_What this task involves_
Once you reach the line with "Ribbed Two Piece Gym Tracksuits Set", transcribe it and every line after it to the end of the records, exactly, but not the pictures.

+++ Material provided

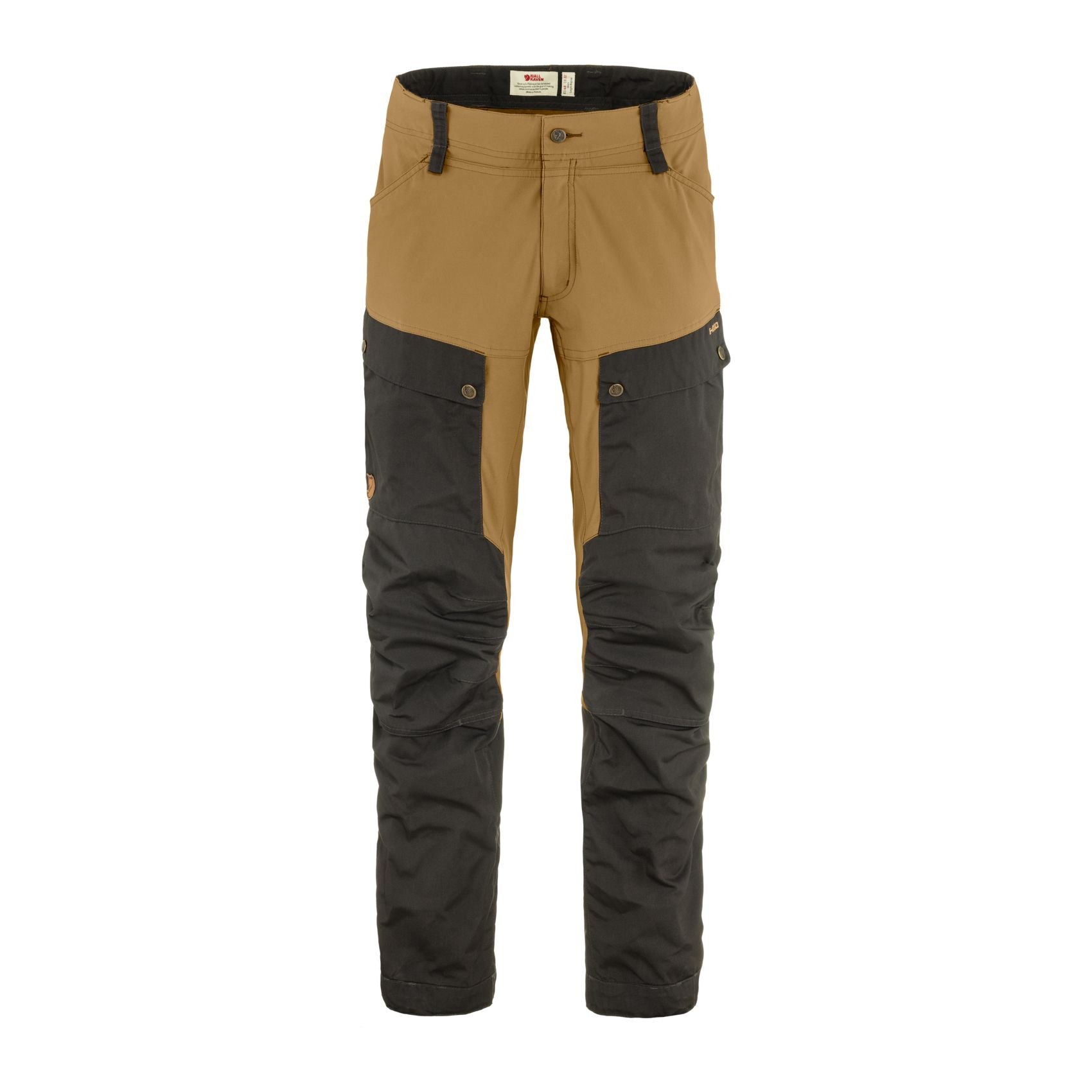 Keb Trousers M, Dark grey-buckwheat brown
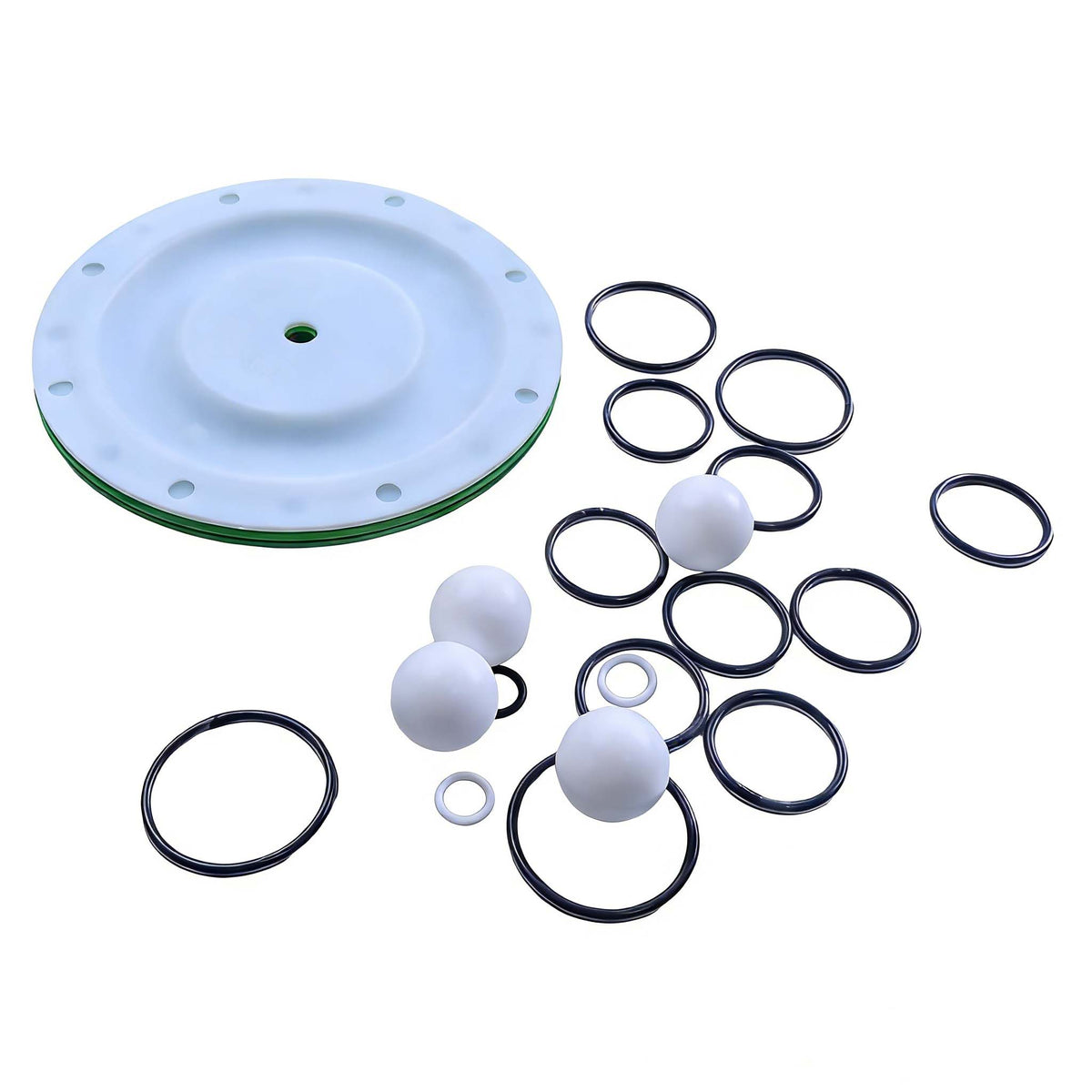 Fluid Section Repair Kit 637161-44-C for Ingersoll Rand ARO Air Operated Double Diaphragm Pump - KUDUPARTS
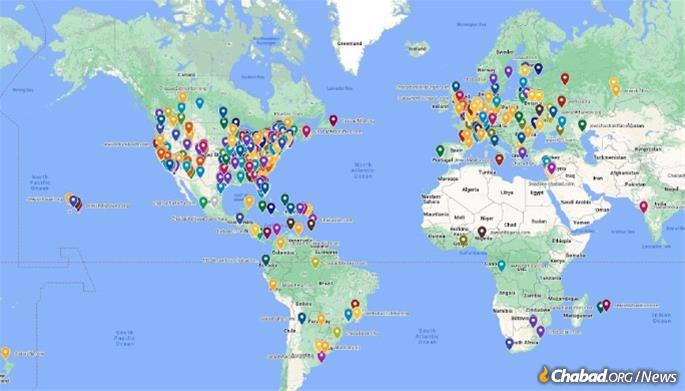 Today, almost 1,500 Chabad centers around the world have a site powered by ChabadOne, in 16 languages.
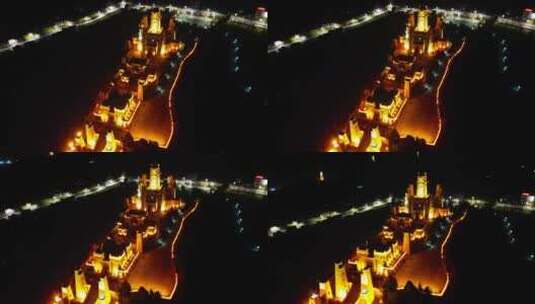 四川茂县夜景12高清在线视频素材下载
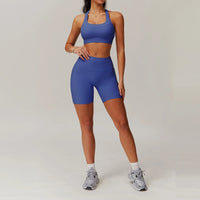 Ribbed Two Piece Gym Tracksuits Set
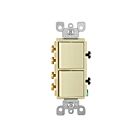 Leviton 5643-I 15A Ivoire Commutateur combiné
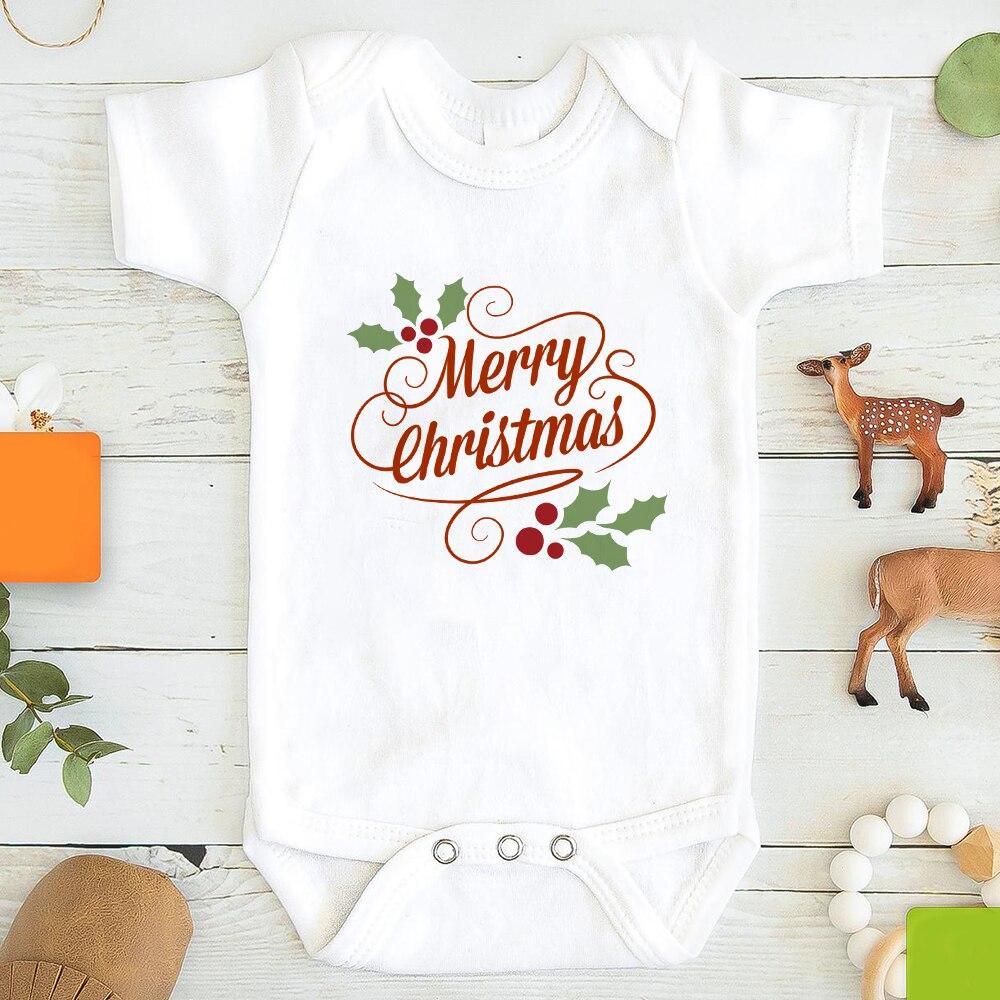 Baby Girl / boy Clothes Cute Dog Christmas Print One-Pieces Bodysuit for Newborns Design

++++++

_Reply to the task_
 Ribbed Two Piece Gym Tracksuits Set
 Leviton 5643-I 15A Ivoire Commutateur combiné
 Baby Girl / boy Clothes Cute Dog Christmas Print One-Pieces Bodysuit for Newborns Design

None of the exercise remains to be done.